▶ [Work instructions] Lines from the line with "HOMEYEE Vestido corto" to the line with "New Vintage Letter" in the entries below, and only those, must be output exactly, with both ends included.
======== Records to use ========
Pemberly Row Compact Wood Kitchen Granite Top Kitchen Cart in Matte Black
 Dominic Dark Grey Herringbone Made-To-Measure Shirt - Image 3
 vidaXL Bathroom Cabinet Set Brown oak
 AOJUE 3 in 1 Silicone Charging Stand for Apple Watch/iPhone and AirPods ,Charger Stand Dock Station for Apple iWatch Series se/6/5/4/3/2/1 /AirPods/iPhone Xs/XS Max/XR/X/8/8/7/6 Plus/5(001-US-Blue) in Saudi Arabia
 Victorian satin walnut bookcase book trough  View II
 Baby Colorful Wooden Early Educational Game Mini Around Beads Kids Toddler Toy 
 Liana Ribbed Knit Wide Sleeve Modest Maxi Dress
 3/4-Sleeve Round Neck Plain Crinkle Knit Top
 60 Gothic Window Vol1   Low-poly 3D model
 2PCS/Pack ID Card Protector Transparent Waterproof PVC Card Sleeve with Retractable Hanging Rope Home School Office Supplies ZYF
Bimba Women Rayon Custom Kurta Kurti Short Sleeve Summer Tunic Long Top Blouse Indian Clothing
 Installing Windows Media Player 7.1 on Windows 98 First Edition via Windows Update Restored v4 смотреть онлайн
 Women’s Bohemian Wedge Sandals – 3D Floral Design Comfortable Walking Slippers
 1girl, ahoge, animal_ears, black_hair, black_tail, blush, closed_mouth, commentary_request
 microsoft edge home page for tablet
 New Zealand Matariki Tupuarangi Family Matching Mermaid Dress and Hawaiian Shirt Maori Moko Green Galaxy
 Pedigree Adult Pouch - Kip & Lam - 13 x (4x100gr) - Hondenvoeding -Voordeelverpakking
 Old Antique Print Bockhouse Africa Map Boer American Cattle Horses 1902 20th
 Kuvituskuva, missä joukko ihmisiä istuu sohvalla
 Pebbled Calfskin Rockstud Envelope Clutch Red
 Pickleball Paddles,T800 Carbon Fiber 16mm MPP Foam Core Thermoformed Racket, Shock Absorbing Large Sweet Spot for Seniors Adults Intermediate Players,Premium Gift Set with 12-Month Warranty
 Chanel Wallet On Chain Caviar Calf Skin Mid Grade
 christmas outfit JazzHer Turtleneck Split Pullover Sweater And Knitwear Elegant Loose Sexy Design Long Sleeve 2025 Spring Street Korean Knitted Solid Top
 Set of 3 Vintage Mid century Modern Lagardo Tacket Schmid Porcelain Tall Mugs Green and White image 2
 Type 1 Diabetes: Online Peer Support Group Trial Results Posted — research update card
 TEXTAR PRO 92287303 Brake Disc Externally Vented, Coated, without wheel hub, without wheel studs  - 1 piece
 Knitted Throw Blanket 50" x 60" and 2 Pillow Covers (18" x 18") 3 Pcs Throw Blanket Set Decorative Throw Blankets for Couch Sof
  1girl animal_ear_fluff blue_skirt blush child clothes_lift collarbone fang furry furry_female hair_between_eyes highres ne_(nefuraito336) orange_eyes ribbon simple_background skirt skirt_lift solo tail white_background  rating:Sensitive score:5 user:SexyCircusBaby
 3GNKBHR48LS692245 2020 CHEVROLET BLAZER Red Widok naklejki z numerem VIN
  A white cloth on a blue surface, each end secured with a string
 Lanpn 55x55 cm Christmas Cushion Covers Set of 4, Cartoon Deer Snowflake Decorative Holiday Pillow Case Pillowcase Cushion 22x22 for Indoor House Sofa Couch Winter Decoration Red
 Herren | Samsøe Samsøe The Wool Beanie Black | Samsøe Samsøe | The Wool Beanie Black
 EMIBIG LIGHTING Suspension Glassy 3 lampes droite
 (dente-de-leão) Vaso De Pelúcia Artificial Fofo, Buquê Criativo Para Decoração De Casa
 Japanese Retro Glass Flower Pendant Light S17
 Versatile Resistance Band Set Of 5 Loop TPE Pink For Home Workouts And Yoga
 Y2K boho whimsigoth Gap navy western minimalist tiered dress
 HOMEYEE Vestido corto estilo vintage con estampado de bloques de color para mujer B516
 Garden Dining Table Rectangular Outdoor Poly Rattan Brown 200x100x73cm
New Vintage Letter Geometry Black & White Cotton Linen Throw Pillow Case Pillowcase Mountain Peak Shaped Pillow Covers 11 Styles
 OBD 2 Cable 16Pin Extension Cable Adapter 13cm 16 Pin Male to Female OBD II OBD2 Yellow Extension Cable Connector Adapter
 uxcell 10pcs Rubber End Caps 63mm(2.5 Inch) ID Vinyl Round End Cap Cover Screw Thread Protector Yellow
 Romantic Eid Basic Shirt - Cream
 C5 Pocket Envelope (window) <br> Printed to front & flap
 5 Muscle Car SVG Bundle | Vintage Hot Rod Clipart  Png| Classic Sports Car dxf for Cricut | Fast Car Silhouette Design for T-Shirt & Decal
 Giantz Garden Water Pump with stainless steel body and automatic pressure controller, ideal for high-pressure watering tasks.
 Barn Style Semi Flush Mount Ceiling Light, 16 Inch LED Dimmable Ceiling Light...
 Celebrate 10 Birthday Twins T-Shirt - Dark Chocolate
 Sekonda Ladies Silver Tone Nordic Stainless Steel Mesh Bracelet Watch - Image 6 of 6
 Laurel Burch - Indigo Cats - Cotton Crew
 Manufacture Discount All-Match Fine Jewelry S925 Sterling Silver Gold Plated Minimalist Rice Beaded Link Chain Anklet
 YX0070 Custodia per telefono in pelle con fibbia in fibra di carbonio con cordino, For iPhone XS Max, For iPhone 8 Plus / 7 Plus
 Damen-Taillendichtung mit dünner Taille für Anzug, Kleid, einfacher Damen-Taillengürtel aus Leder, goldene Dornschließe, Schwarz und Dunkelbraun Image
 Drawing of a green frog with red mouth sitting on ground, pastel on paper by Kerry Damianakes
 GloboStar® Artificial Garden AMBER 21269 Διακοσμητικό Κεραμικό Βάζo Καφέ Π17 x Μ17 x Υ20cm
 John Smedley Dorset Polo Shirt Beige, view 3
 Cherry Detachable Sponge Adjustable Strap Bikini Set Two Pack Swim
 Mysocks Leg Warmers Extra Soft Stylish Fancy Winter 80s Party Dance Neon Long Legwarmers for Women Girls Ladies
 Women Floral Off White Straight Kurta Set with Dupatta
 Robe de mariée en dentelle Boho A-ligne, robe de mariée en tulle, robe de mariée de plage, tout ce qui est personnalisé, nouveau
========
▶ [Answer space]
 HOMEYEE Vestido corto estilo vintage con estampado de bloques de color para mujer B516
 Garden Dining Table Rectangular Outdoor Poly Rattan Brown 200x100x73cm
New Vintage Letter Geometry Black & White Cotton Linen Throw Pillow Case Pillowcase Mountain Peak Shaped Pillow Covers 11 Styles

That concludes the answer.